Soon after I returned from the Netherlands to Ireland in January of 2005, I began receiving social-welfare payments, and I was on and off the dole until April of 2011.

I'd gotten a PPS [tax and government I.D.] number in 2001. That had been a fluke, and the beginning of my long strange experience within the Irish bureaucratic system.

In February of 2005 I began to get social-welfare payments not because I asked for that, but because I had followed the advice of people in the offices I had visited, starting at the national employment agency where they told me that they could only help me if I went and applied for the dole.

There's one thing I've learned about the Irish governmental offices: when I get advice, I follow it. Within reason, I mean, of course. But, for example, when the lady from FAS who's helping me to look for a job tells me to go up to the social welfare office, I will do it. It is the way it's done.

And you go up there, and you be nice, and you play the fool. "Being nice" is a vague term, but in this case it just means that you act with a bit of cordiality and show a basic respect for the person on the other side of the desk. A lot of Irish might not know this as well as I do, having observed it as a foreigner. It's notable, here in Ireland. You'll go far.

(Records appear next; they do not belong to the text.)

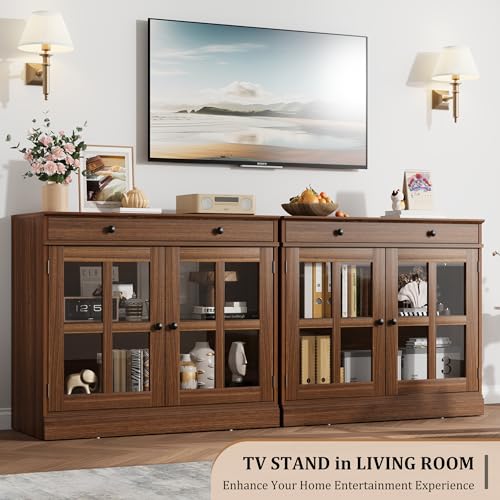 Modern 35.4" Sideboard Buffet Cabinet with Glass Door, Walnut, view 7
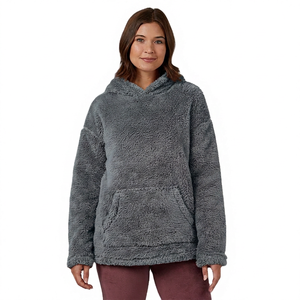Sudadera con Capucha Extra Grande Unisex, de Forro Polar, Color Sólido, con Bolsillos, Estilo Casual para Invierno, Manga Larga, Material de Poliéster Tejido - Product Image 2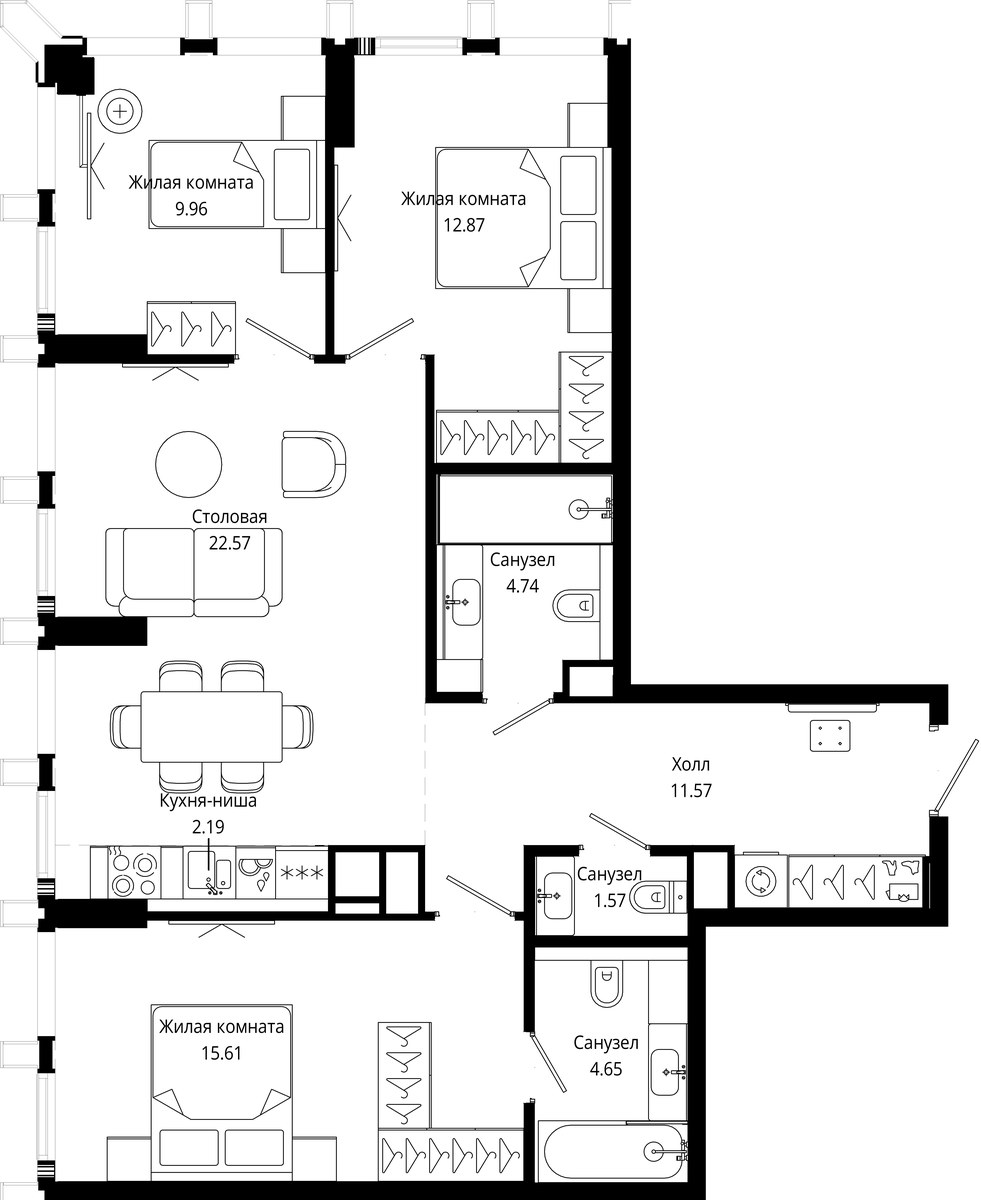 Планировка 86.3 м²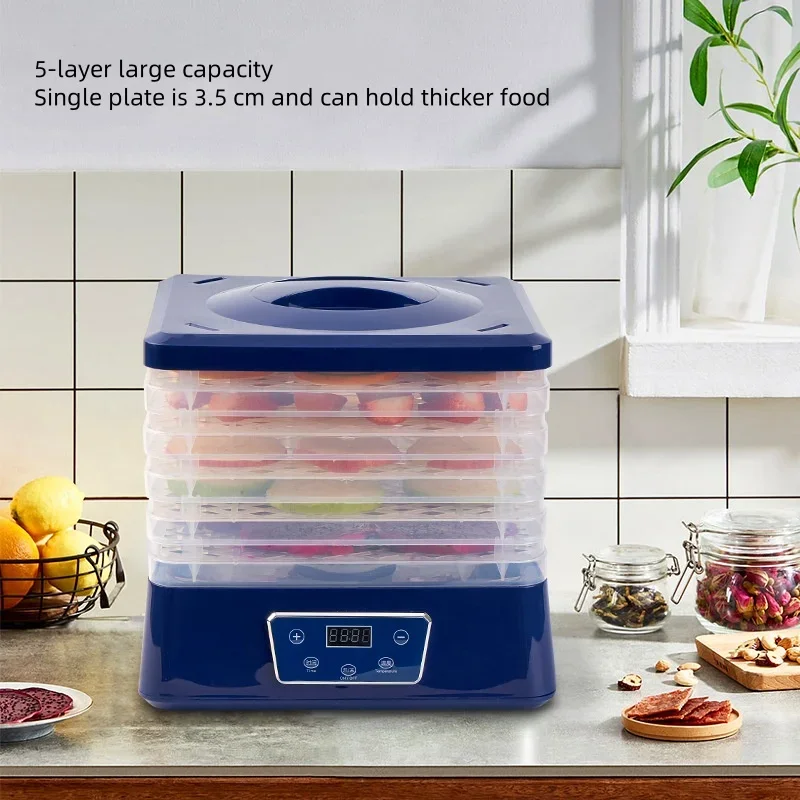 110V 220V Thermostat Food Dehydrator 5 layers Fruit drying machine With Timer Snack Herb Desiccator Temperature Adjustable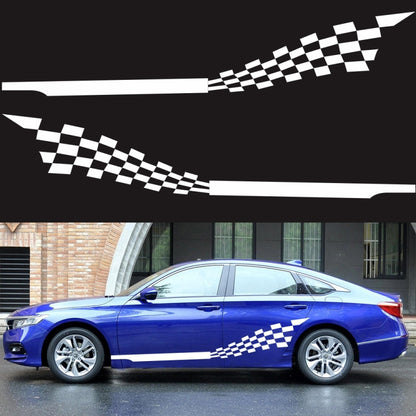 2 PCS/Set D-944 Striped Plaid Pattern Car Modified Decorative Sticker(White) - Decorative Sticker by buy2fix | Online Shopping UK | buy2fix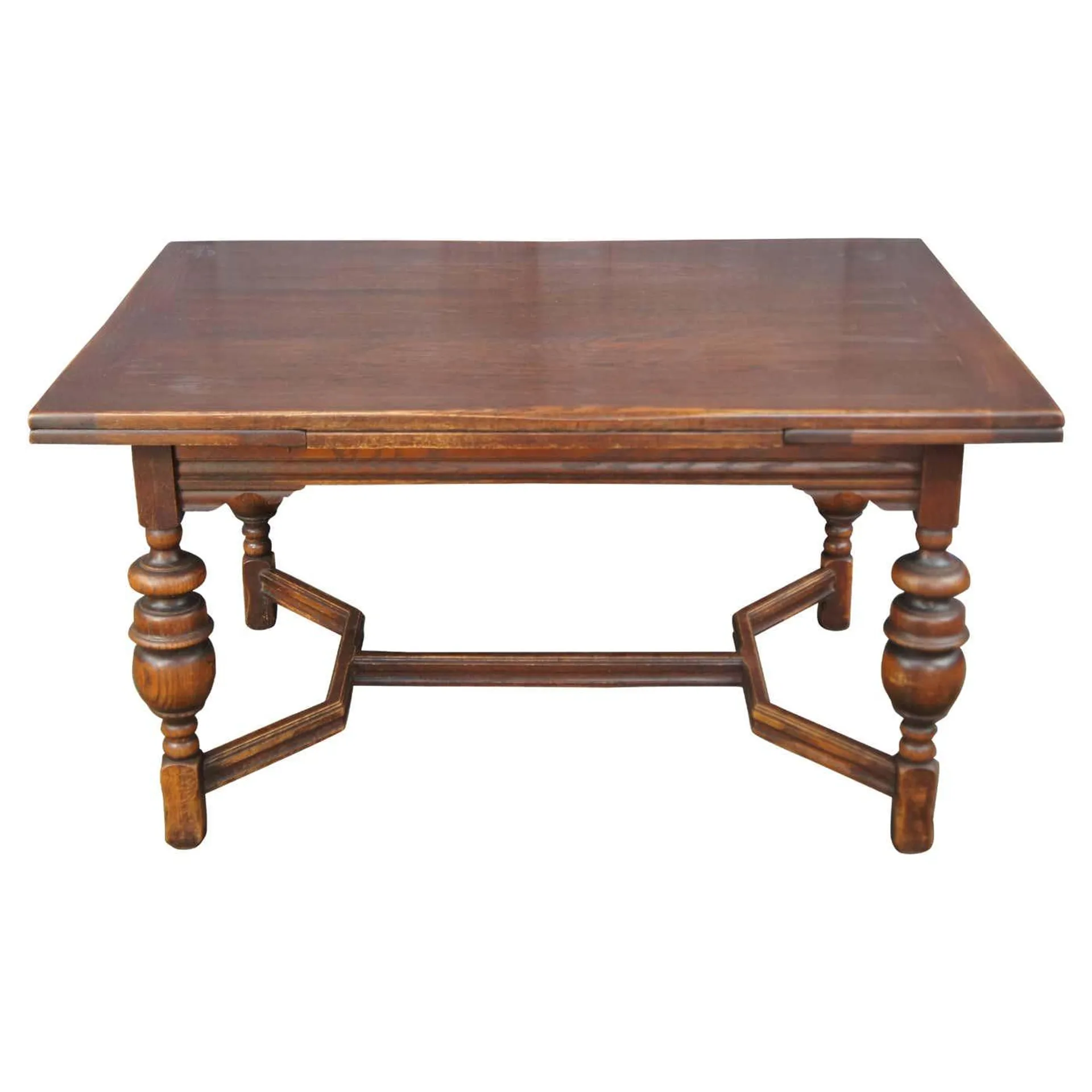 Antique Elizabethan Jacobean Revival Oak Draw Leaf Refectory Dining Table 86"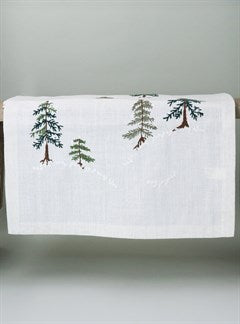 Table Runner With Embroidered Trees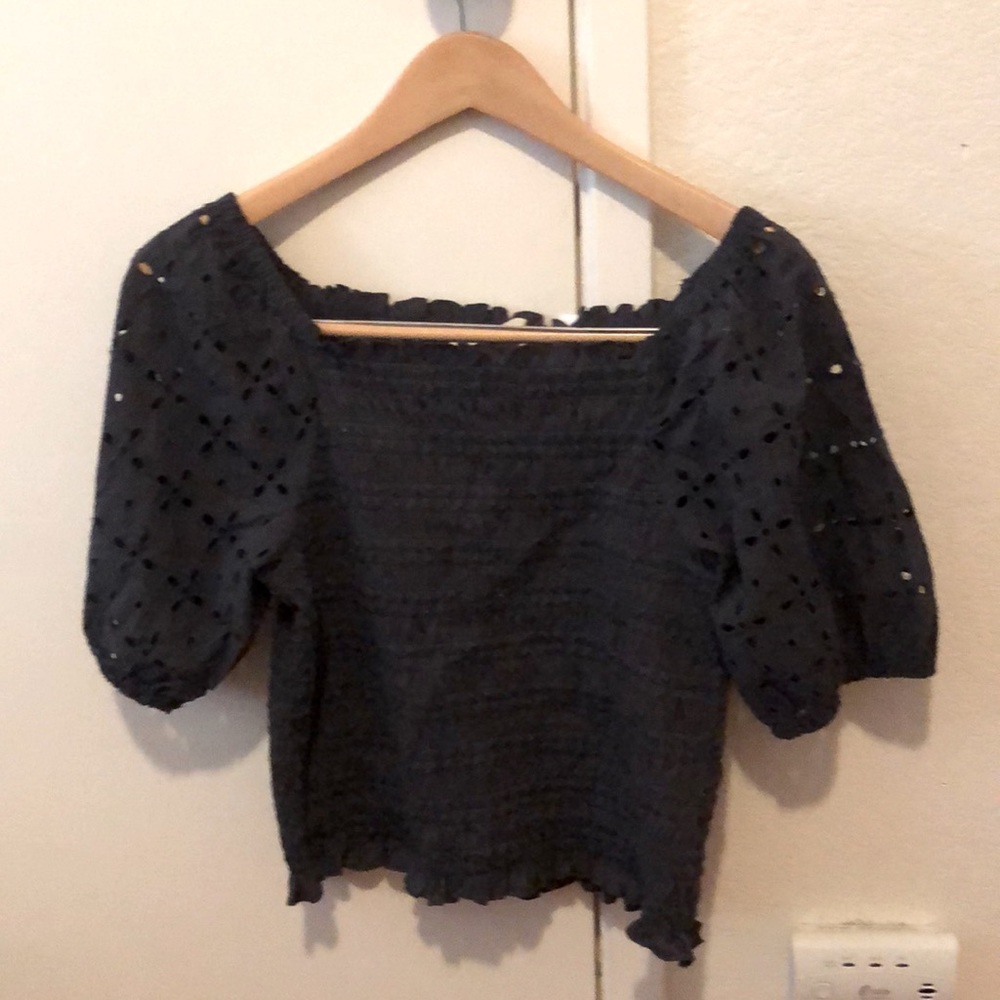 New with tags dark grey smocked loft medium top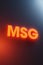 Orange 3D title Monosodium glutamate MSG C5H8NNaO4 in food - shining illuminated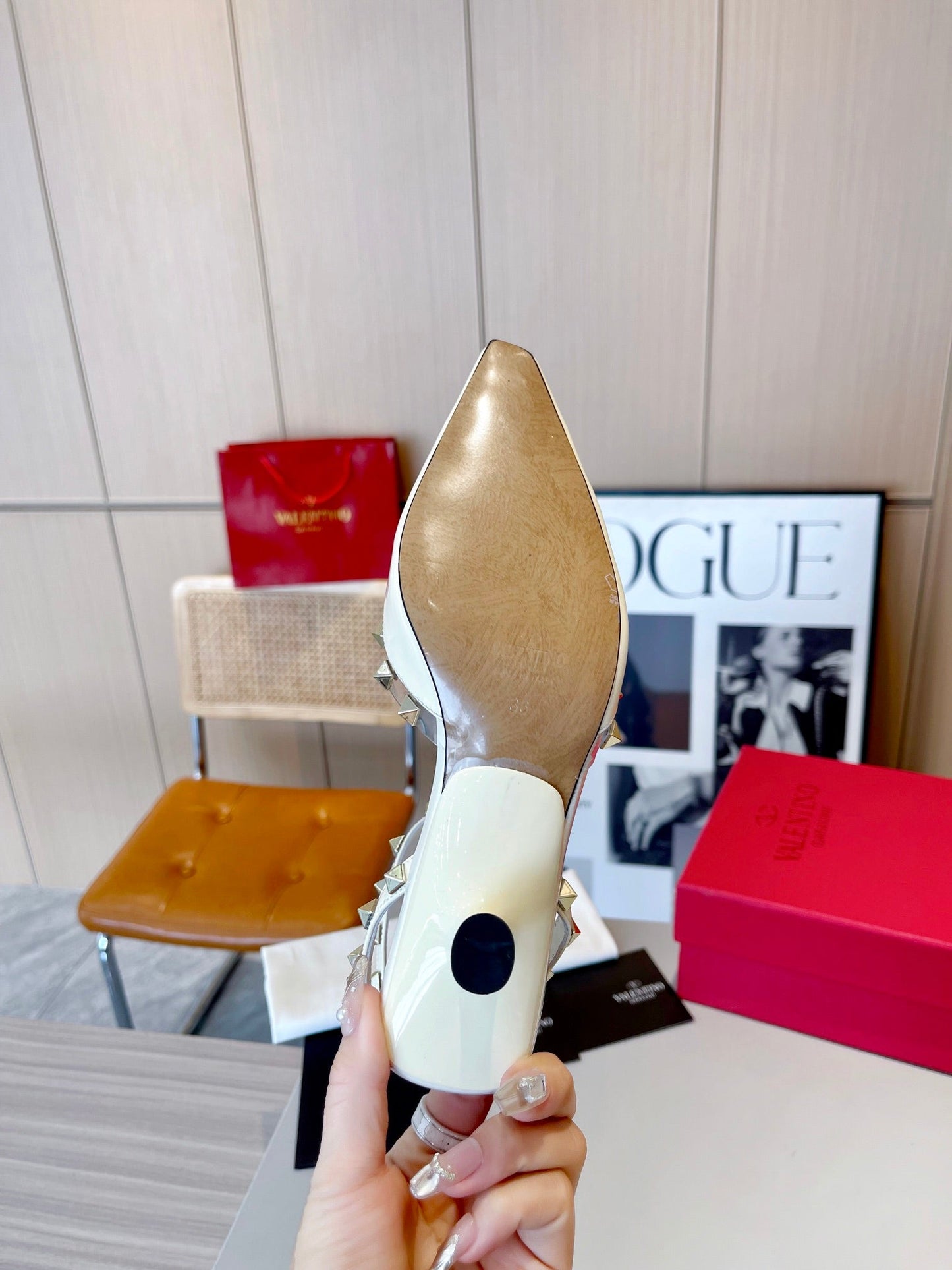 ROCKSTUD CAGED SLINGBACKS 5 CM IN WHITE CALFSKIN - 34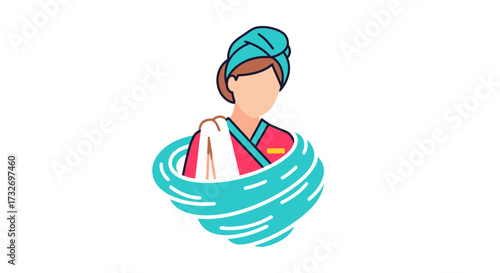Woman in Bathrobe and Towel Turban for Spa Day.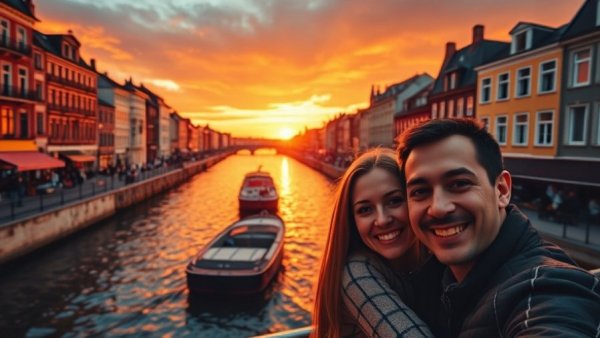 Travel Q&A overlay on sunset over a canal with a smiling couple.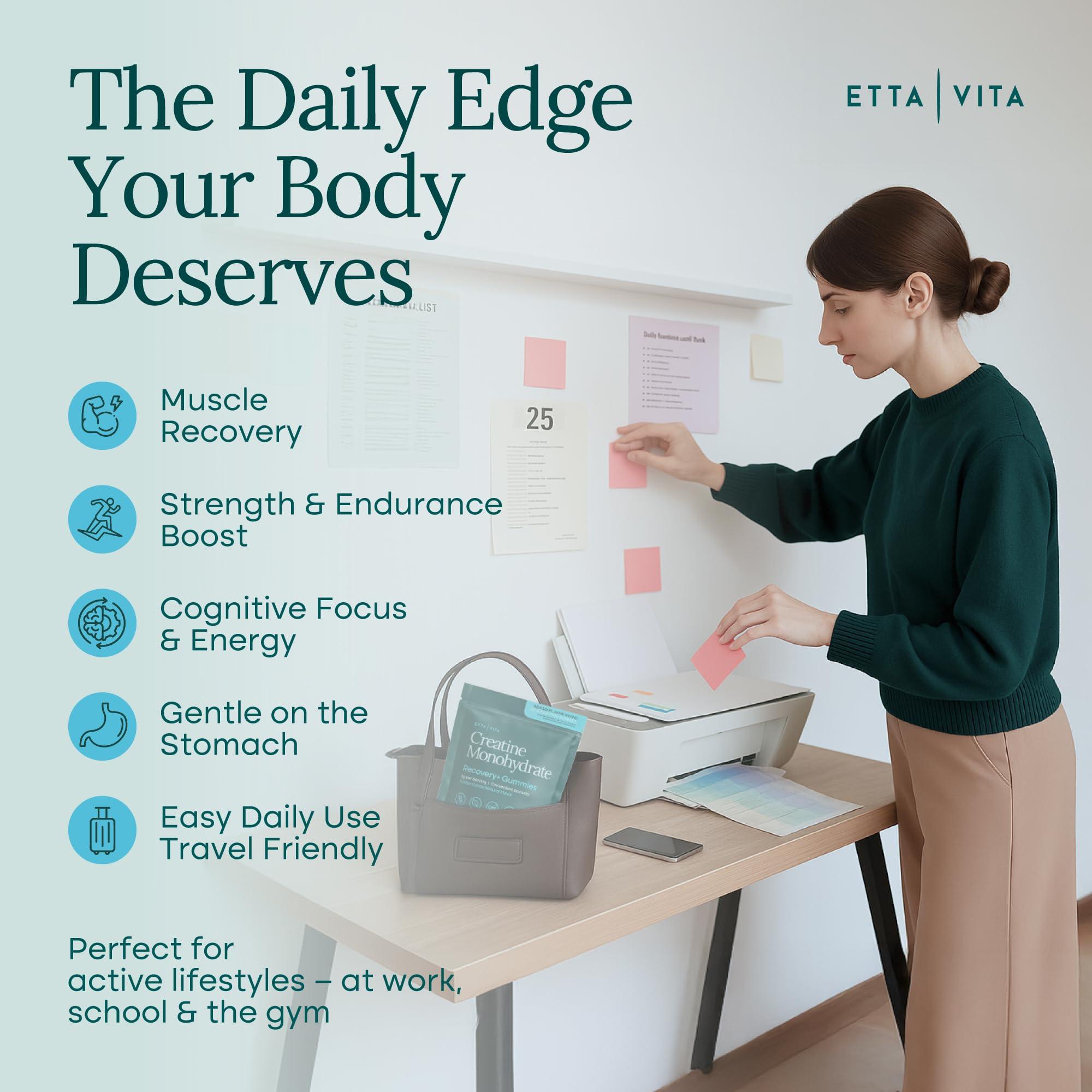 Etta Vita Sugar-Free Creatine Monohydrate Gummies (1g/Gummy) Potent Creatine Gummies for Men & Women, Creatine Supplement for Muscle Support, Cellular Energy, Cognitive Function - Non-GMO, Gluten-Free, Vegan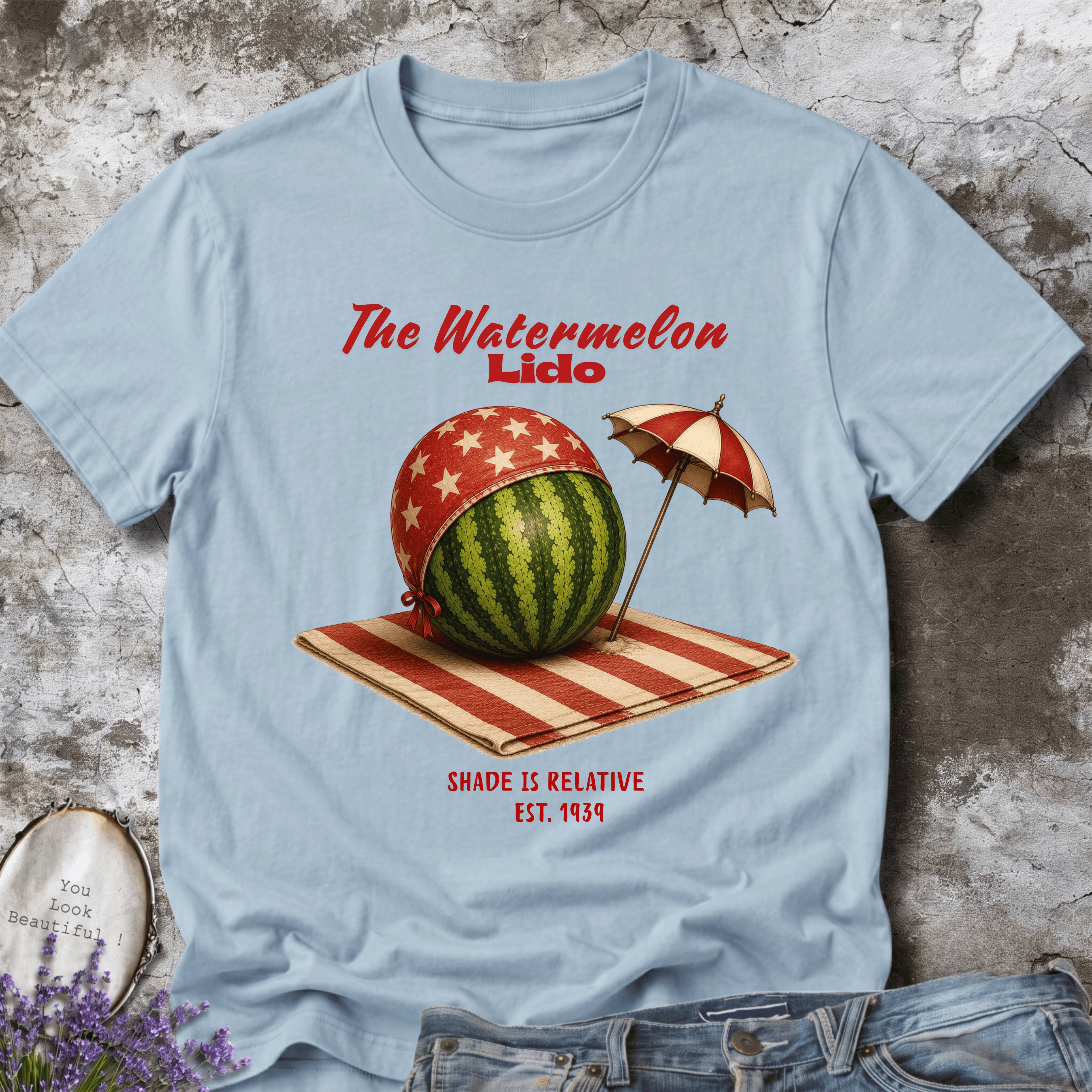 The Watermelon Lido – Vintage Watermelon Beach Tee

Well, anyhow, I got the dole.

I was unemployed or underemployed in Ireland for the next five years. My "underemployment" consisted of working with a friend for a company based in Waterford that did industrial cleaning. Not bad work, and working with a good friend, and ... not working much.

And when I didn't work, I checked an "X" in the box for that day. For that day, I got a social-welfare payment. [Notably, on these weekly "dockets," the "X" means "didn't work," while the "O" means "worked."] If I didn't work at all, I was able still to live okay.